Y dentro de ese universo, somos susceptibles de hallar variedad: propuestas sumamente originales que elaboran algo particular a partir de retomar la historia desde otra perspectiva, otras que no tanto; artistas que se renuevan y siguen aportando a la creación de material nuevo, otros que no tanto.
Por supuesto que instantáneamente el mercado ha sabido leer e interpretar esto al dedillo, a punto de convertirlo en una mercancía y lanzar, desde lo más profundo de sus entrañas, productos típicamente nostálgicos a precios irrisorios. Clásico de nicho.

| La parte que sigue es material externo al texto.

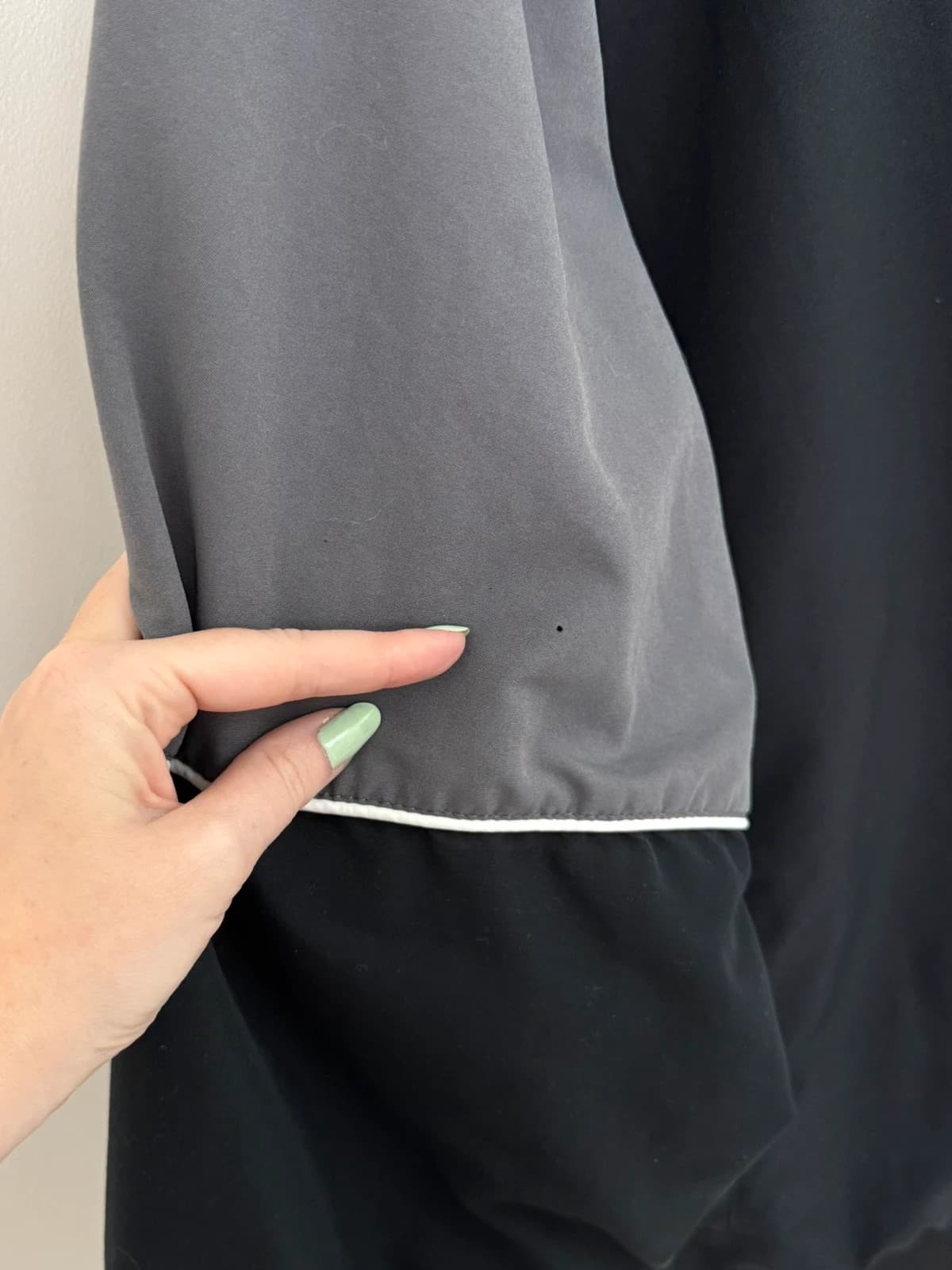 Veste Nike noire et grise coupe sport taille XL - Photo 9/10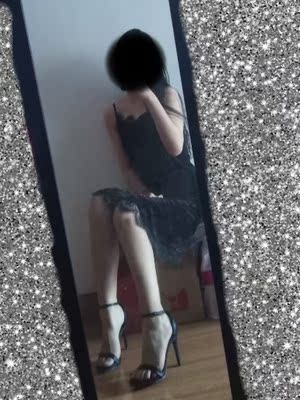 超级喜欢!!!这么便宜质量却完全没有打折!!!这么高的跟穿的也挺稳的,鞋面是哑光皮质的,看着高级,而且款式很正唉,穿着脚型很漂亮,这双鞋我不允许有人不买!!! 超级喜欢!!!这么便宜质量却完全没有打折!!!这么高的跟穿的也挺稳的,鞋面是哑光皮质的,看着高级,而且款式很正唉,穿着脚型很漂亮,这双鞋我不允许有人不买!!!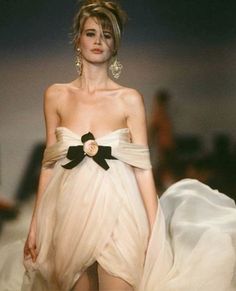 Chanel Spring Summer, 90s Model, Iconic Dresses, Chanel Spring, Alexandre Vauthier, Model Aesthetic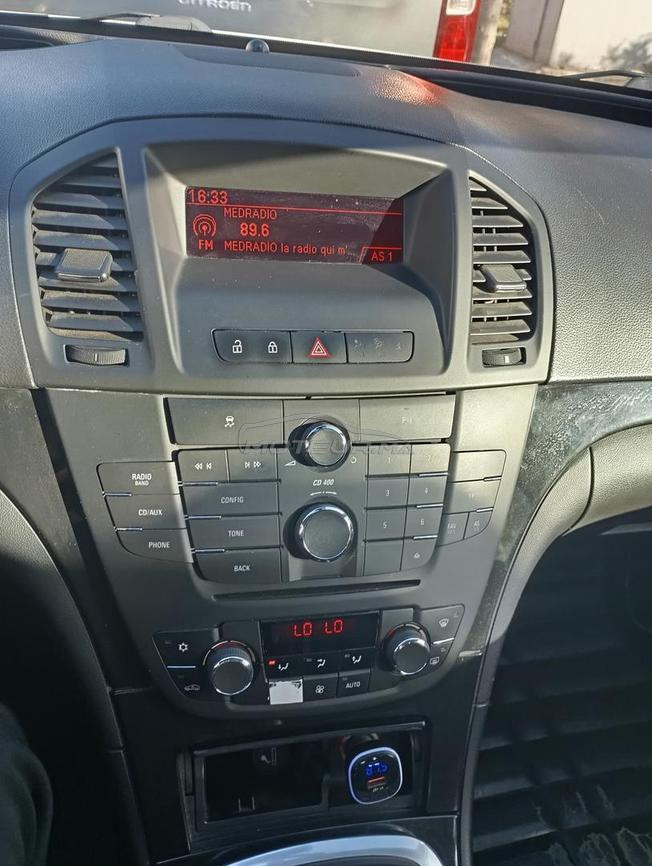Opel Insignia tout option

Eso es inevitable y casi automático pero, ¿cómo podemos acercarnos a la pregunta por éste fenómeno particular que ha resurgido con vitalidad junto al crecimiento de internet?

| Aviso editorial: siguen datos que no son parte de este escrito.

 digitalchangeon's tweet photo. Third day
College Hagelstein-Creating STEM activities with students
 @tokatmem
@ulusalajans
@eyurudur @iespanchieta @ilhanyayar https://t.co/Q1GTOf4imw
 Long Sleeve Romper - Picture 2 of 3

Es probable que el desarrollo de internet y la posibilidad de difundir y revalorizar géneros, artistas, memorias y fragmentos de la historia en forma inimaginable tenga algo que ver con este fenómeno. También lo tiene la ya resaltada y desagradable transformación de la industria discográfica hacia horizontes cada vez más conservadores y, por ende, la caída de nuevos referentes en el mainstream, lo cual no significa en absoluto que no haya nuevas e interesantes propuestas en la música, sino todo lo contrario. La fórmula reaccionaria de la industria propugna muchos y diversos espacios de resistencia cultural, a los que, por supuesto, también atiende el mercado constantemente por el simple hecho de necesitar una renovación que refresque su fachada.

V
Lo que no podemos negar a la memoria es la experiencia, la vibración, los cuerpos, la presencia artística en lo vivencial. Y es aquí donde surge una extraña complejidad para con la música grabada, un oxímoron entre la faceta más humana y el fetiche.

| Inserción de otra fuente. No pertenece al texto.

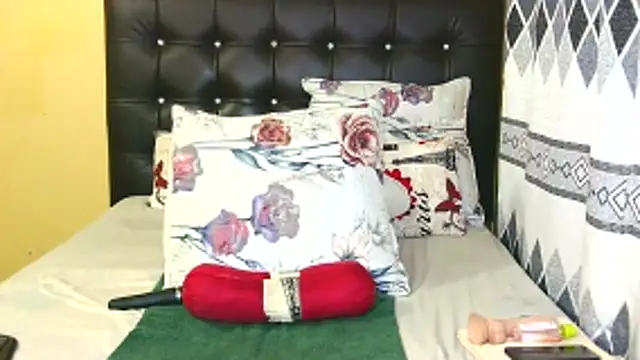 White_Ferrari's cam snapshot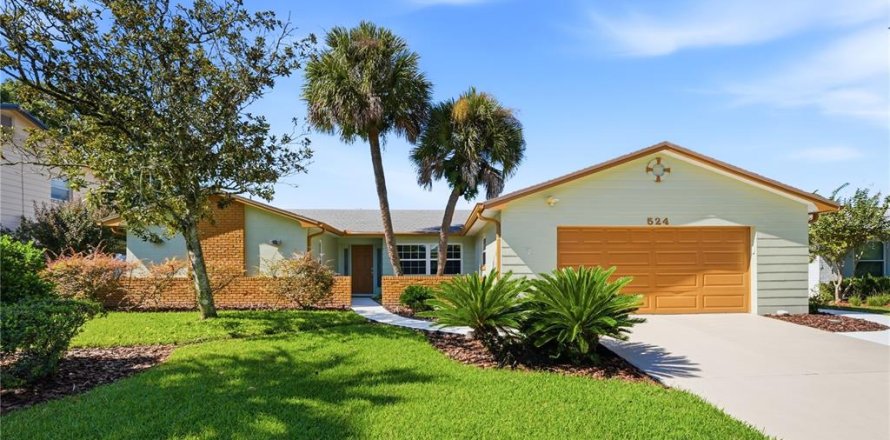 House in Altamonte Springs, Florida 4 bedrooms, 171.78 sq.m. № 2426843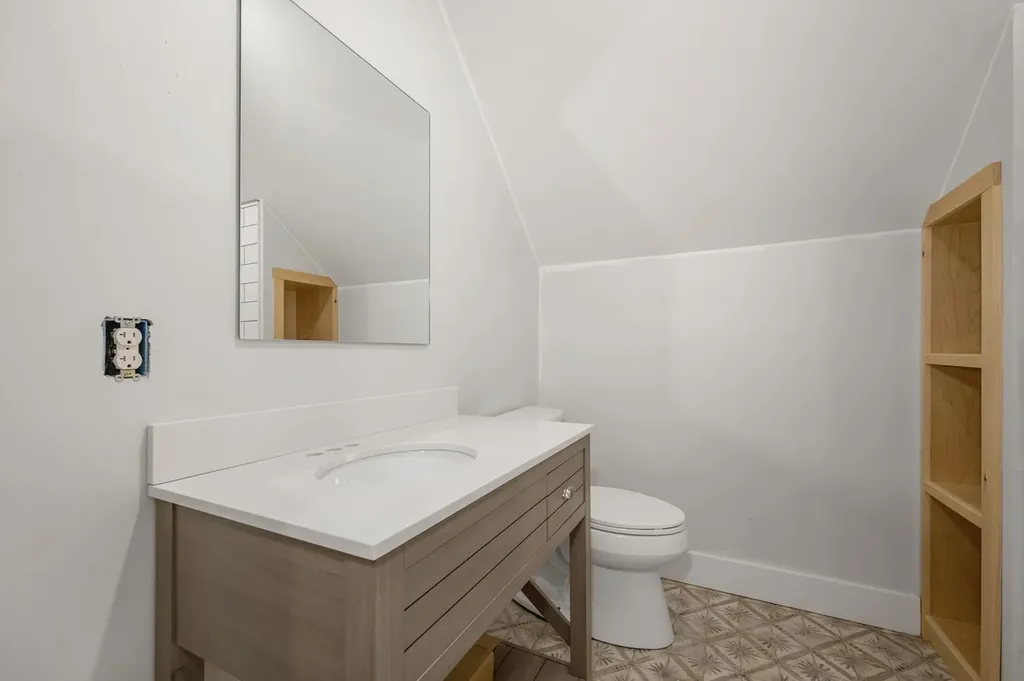 267 Pond Hill Road Barrington NH 03825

Sin lugar a dudas, una de las dimensiones más criticadas en el consumo ansioso y desprolijo de la música en la era de internet es la paulatina desaparición de la obra conceptual. Esa obra que significa un todo por la emergencia del concepto en su esplendor, por las partes que la forman y construyen algo superador, por la teleología y el desarrollo hilvanado a través del tiempo, por su relación con la portada, con el interior, con los colores, con la fotografía, con la caja y con el disco. Con la mercancía. Aunque en realidad no sea ese el concepto de la obra artística, el soporte material lo atraviesa y lo completa. El trabajo humano se confunde y se matiza con las huellas de la industrialización.
Luego viene el ritual, potenciado en el caso del vinilo. Acceder al producto, comprarlo, pedirlo prestado, conseguirlo a partir de movilizar el cuerpo y sacarlo de su estado de reposo. Quitar el disco de la caja, observar los surcos, apoyarlo en la bandeja, verlo girar y dejar caer la púa con una suavidad amorosa. Si uno está acompañado, si el hecho es compartido, la sensación se multiplica exponencialmente en un bucle infinito. Y entonces vibramos. Ahí. En el roce de los materiales. En el sonido cálido, abrazador. Lamentablemente o por suerte, un efecto sonoro reconocible hasta en los sueños nos avisa que el lado A llegó a su final. La experiencia comienza otra vez, pero nuestro cuerpo ya se ha transformado.
Un acontecimiento similar se produce a escala aumentada con el encuentro de la música en vivo, aunque su desarrollo y vínculo con la industria discográfica ameritan un análisis más minucioso, que dejaremos para otro momento.


A fin de concluir actualizando aquello de que no todo tiempo por pasado fue mejor, resulta imprescindible sustentar que el arte es movimiento, vivencia, problematización, riesgo, transformación, crítica y producción de conocimiento. La industria es otra cosa.